In den letzten Jahren hat sich die Bevölkerungsstruktur in den westlichen Ländern wesentlich verändert. Durch die moderne Medizin werden Menschen immer älter, es gibt also immer mehr Senioren, gleichzeitig gibt es die Lebensform der Großfamilie kaum noch. Aufgrund dessen hat sich langsam eine neue Art des Zusammenlebens entwickelt: Senioren-Wohngemeinschaften (WGs). Was für Studenten längst Alltag ist, wirkt auf viele ältere Menschen noch befremdlich. Dabei haben diese WGs durchaus ihre Pluspunkte. In diesem Artikel zeigen wir die Vorteile dieser Wohnform sowie einige Beispiele aus Deutschland und Österreich.

Wohngemeinschaften als attraktive Alternativen

Viele ältere Menschen fühlen sich einsam. Sie sind verwitwet, die Kinder leben längst allein mit ihren eigenen Familien und unter Leute kommt man so auch nicht mehr ganz so einfach. Außerdem lässt mit dem Alter die Mobilität langsam nach und man verbringt die Zeit mehr oder weniger nur zuhause. Einsamkeit führt bei vielen Menschen sogar zu Depressionen. Wohngemeinschaften sollen hier Abhilfe schaffen. Senioren sollen hierbei zwar ihr eigenes Reich und ihre Privatsphäre in Form eines eigenen Zimmers behalten, aber dennoch die Möglichkeit haben, ihre Freizeit in Gesellschaft mit anderen älteren Menschen in einer ähnlichen Situation zu verbringen.

Das Zusammenleben mit anderen verhindert nicht nur Einsamkeitsgefühle, sondern hat auch eine aktivierende Wirkung auf Körper und Geist. Gemeinsame Aktivitäten fördern die Mobilität und der Austausch mit anderen Senioren sorgen für Inspiration und einen wachen, offenen Geist.

Gruppe von Senioren stehen im Kreis, umarmen sich und lachenEin positiver Nebeneffekt ist darüber hinaus die Kostenteilung – Wohnen in einer Wohngemeinschaft ist in aller Regel günstiger als eine eigene Wohnung.

Eine Senioren-Wohngemeinschaft kann zunächst privat gegründet werden. Wie in Studentenkreisen können sich mehrere ältere Menschen zusammentun und eine WG – geeignete Wohnung oder ein Haus suchen. Auf diese Weise hat man zwar viele Freiheiten und Spielraum, allerdings ist das Ganze auch ein schwieriges Unterfangen. Passende Objekte sind nicht einfach zu finden, ebenso ist die Suche nach Mitbewohnern mitunter mühsam. Außerdem ist man für sein eigenes Projekt auch ganz allein verantwortlich.

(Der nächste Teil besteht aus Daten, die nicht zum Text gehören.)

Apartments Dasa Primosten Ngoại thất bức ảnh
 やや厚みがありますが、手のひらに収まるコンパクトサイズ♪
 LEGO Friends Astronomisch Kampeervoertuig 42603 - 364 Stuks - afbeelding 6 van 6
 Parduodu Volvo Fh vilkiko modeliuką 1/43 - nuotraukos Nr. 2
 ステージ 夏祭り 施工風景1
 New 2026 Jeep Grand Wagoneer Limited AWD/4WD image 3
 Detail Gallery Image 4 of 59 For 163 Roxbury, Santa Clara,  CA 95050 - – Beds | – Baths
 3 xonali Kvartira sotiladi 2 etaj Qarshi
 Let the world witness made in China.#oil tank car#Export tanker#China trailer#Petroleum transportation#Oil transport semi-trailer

Aber es gibt auch institutionell organisierte Gemeinschaften. Diese bieten neben den Räumlichkeiten zum Teil auch Heimhilfen oder mobile Pflege für gering Pflegebedürftige. So sind die Bewohner nicht nur in einer Gesellschaft untergebracht, sondern werden auch medizinisch und sozial versorgt.

Eine andere beliebte Form des Wohnens stellen Mehrgenerationenhäuser dar. Wie der Name schon sagt, leben Menschen verschiedener Generationen in diesen Häusern zusammen. Senioren finden hier eine Art Familienanschluss, während sie für junge Familien ein Großelternersatz sein können. Somit profitieren alle Altersgruppen von dieser Wohnsituation. Dieses Modell erinnert an die früher übliche Großfamilie, die zusammen unter einem Dach gelebt hat.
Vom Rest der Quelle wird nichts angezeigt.